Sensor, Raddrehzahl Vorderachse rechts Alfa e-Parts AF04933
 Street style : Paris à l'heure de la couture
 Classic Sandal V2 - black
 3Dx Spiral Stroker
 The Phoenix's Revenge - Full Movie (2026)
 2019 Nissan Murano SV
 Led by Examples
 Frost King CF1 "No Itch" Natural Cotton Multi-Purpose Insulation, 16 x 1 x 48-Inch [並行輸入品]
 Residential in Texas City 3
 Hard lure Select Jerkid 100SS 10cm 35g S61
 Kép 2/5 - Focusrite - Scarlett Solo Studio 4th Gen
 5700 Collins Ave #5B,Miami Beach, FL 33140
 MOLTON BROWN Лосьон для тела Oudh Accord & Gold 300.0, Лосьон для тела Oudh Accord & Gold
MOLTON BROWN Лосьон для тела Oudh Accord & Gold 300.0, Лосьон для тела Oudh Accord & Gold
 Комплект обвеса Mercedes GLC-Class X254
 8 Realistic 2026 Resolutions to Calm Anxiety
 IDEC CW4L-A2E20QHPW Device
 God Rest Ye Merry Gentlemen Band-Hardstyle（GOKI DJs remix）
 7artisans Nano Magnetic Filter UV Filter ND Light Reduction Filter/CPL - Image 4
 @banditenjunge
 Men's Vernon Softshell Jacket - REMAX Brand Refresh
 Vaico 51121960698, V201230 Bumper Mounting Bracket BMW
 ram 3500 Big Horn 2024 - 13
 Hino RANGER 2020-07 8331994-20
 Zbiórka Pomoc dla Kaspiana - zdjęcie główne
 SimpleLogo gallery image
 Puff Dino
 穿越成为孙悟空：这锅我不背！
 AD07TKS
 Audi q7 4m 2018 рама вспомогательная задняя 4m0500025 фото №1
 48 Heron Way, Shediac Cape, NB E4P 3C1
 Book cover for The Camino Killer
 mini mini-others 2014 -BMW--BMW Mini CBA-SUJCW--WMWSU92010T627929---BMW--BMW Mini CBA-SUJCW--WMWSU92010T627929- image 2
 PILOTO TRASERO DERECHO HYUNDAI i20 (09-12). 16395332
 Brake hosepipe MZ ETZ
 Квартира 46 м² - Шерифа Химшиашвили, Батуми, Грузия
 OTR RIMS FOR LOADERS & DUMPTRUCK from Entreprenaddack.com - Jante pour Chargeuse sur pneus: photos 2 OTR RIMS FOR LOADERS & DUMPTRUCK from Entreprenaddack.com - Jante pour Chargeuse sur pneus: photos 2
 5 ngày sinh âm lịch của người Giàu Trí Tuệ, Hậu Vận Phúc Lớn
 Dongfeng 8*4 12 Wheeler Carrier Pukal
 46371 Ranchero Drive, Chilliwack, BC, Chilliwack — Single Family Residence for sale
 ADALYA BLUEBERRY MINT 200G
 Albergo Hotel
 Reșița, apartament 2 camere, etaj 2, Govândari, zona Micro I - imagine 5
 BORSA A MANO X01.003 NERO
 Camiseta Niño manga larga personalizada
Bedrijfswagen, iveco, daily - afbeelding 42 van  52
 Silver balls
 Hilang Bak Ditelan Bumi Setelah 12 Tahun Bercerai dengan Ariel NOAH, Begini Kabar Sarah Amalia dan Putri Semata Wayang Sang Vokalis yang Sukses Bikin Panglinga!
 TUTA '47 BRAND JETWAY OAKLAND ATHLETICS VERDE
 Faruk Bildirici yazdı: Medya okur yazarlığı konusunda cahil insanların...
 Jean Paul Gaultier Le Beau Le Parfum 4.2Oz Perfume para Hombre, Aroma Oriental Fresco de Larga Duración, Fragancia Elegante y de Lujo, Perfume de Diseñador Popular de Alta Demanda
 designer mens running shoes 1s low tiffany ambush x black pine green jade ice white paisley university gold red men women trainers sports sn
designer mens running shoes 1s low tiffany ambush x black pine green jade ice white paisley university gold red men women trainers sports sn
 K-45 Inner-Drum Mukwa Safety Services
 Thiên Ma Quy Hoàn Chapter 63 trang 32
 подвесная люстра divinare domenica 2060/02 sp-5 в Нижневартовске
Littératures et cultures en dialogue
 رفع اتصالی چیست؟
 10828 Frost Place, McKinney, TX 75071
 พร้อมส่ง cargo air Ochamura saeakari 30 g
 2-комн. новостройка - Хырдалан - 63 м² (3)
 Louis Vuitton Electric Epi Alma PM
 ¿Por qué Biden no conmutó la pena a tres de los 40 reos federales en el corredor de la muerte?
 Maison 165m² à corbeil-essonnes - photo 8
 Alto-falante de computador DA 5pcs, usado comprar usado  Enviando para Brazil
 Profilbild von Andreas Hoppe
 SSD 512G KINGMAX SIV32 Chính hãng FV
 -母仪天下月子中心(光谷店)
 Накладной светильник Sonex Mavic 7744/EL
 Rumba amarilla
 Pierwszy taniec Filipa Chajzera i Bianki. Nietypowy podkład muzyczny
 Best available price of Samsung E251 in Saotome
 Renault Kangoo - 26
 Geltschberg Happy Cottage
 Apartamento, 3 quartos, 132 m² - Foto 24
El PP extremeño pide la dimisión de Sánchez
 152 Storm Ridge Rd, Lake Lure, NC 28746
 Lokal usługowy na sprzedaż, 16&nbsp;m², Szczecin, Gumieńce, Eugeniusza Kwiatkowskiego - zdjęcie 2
================
_Goal of the exercise_.
Whenever a line above holds the word "Лосьон", include it in your count, and report nothing but that count.

_Written reply_.
2